PROVIDED RECORDS
[Start of section]

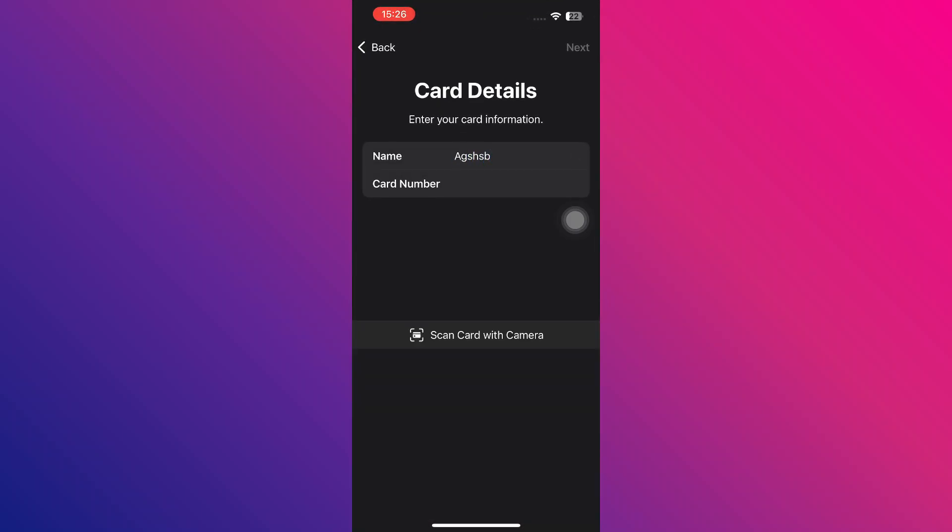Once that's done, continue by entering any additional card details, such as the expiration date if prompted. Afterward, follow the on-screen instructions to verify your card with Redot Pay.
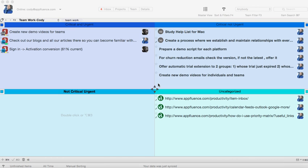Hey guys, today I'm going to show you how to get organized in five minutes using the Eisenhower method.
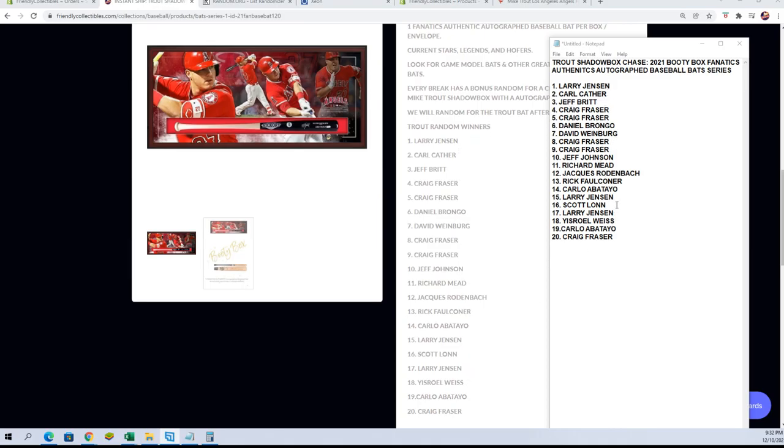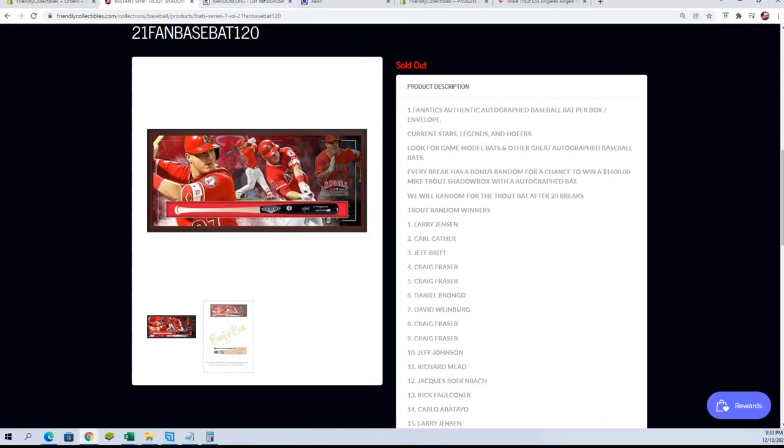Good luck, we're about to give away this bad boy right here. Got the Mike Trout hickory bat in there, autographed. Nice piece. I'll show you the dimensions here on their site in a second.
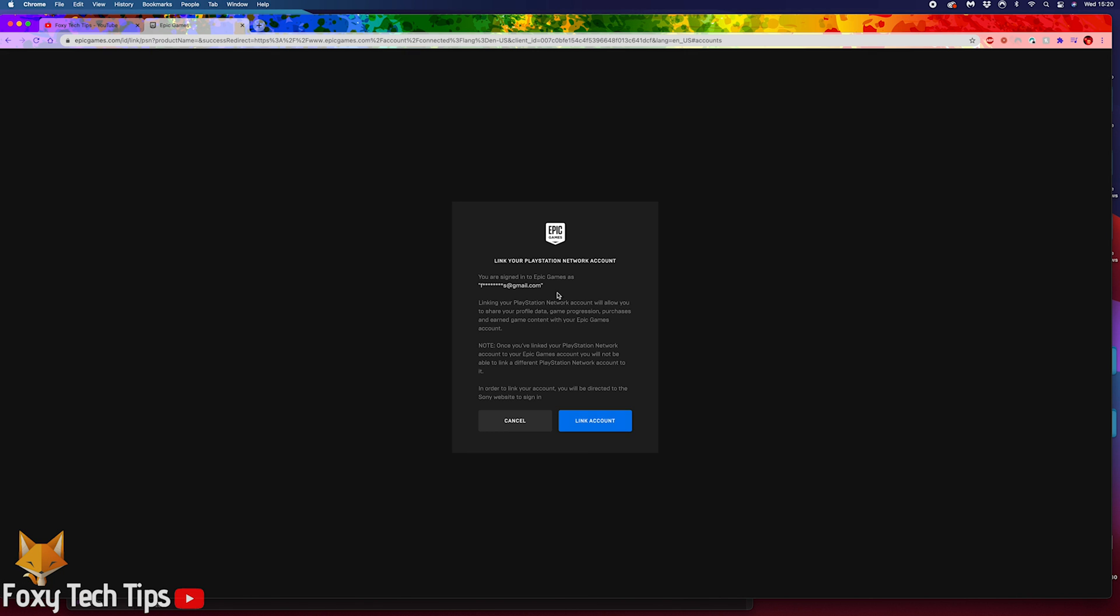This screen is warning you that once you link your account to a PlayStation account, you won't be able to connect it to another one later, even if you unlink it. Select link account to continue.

[End of section]
[Start of section]

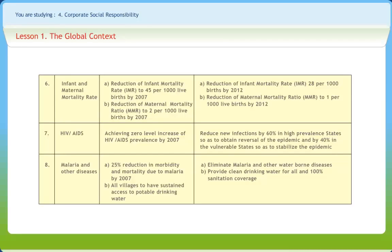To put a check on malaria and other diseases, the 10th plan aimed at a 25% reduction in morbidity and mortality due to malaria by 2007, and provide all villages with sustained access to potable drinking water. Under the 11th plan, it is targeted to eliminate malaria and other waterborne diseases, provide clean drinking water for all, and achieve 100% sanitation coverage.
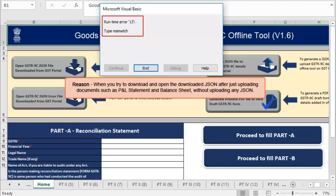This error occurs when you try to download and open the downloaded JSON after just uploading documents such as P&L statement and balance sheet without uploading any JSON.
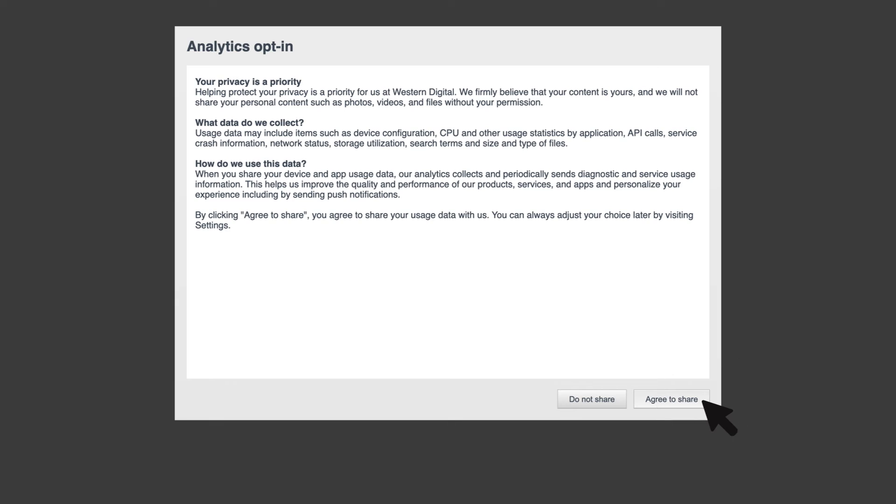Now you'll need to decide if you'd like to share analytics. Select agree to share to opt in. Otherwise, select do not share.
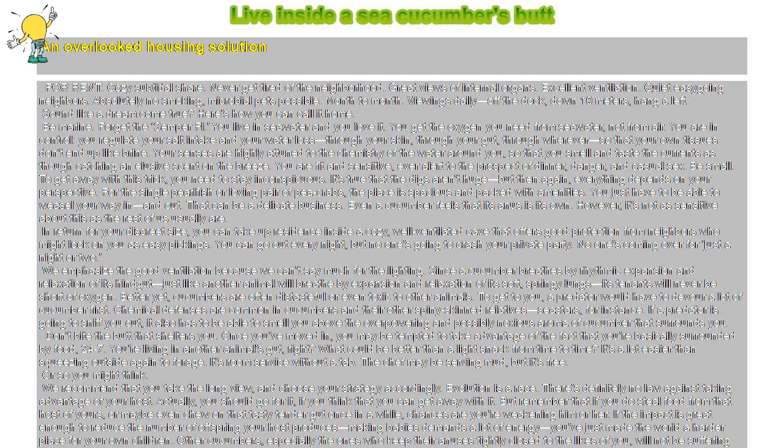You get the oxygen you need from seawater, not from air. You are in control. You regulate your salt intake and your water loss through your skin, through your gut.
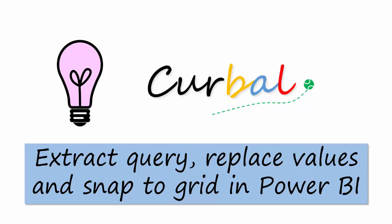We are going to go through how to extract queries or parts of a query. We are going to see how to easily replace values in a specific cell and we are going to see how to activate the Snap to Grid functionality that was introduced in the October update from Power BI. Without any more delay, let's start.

[End of section]
[Start of section]

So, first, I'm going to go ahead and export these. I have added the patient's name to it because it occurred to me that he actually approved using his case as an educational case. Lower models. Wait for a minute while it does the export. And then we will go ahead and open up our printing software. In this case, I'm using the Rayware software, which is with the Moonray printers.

[End of section]

PROBLEM DESCRIPTION
Reproduce the data above exactly, but only from the line containing "Hey guys, today" through the line containing "This screen is"; skip the pictures.

SOLUTION
Hey guys, today I'm going to show you how to get organized in five minutes using the Eisenhower method.
Good luck, we're about to give away this bad boy right here. Got the Mike Trout hickory bat in there, autographed. Nice piece. I'll show you the dimensions here on their site in a second.
This screen is warning you that once you link your account to a PlayStation account, you won't be able to connect it to another one later, even if you unlink it. Select link account to continue.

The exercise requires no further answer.